I had a kind of weird experience a few days ago. A man asked if he could pet Sadie, I explained my reason for saying no. He told me that he has a brother who trains service dogs in Hawaii. Then he sat down and talked to her and started petting her. I was at the hospital lab, waiting for blood work and a chest x-ray because I had the influenza B. I decided not to say anything because it was apparent that he may not have had the mental ability to understand.

I've gotten better at declining over the years. I guess I've educated a few people.

It's pretty clear that people often know the don't pet rule, but mostly they don't get the reason, because they go on engaging her. At that point, I give Sadie a tug on the leash to get her attention back on me. Another signal for her is patting my leg. Sometimes I will move her around to the other side of me. When all else fails, I get up and move away from them.
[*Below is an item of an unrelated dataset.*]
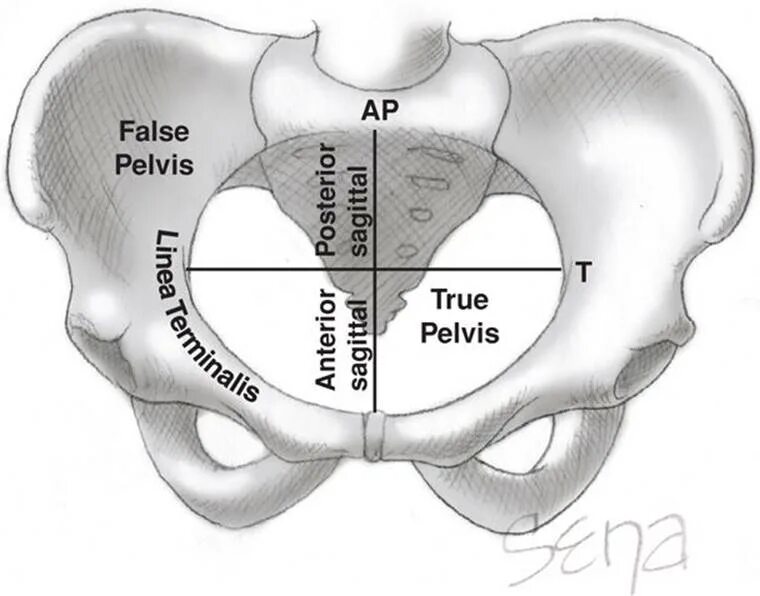 False view. Тазовая кость linea terminalis. true pelvis. inlet таз. false pelvis.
I'm a shy person and unlikely to initiate a conversation with strangers, so Sadie helps me be less isolated. Isolating is what a depressed person does. I just want to be left alone, but having a service dog at my side almost always draws comments and conversation, which is sometimes ok, but not always.

I wish Cesar Milan could be heard by everyone. His words are no touch, no talk, no eye contact. I think he has one more, but those are the ones I remember. People just don't understand that Sadie is supposed to be focused on me, and talking to her moves her attention away from me. That's not as vitally important to me, but it could be if the dog is trained for seizures or respiratory alert.

It's a challenge to train a dog to be alert to only one person, then when you go out in public, people seem to be intent on getting the dog's attention distracted. I like to hear people compliment Sadie, and a lot of the time I can keep their focus on me and what I have to say. I always thank people who ask to pet. My answer is always the same, but I appreciate people's courtesy.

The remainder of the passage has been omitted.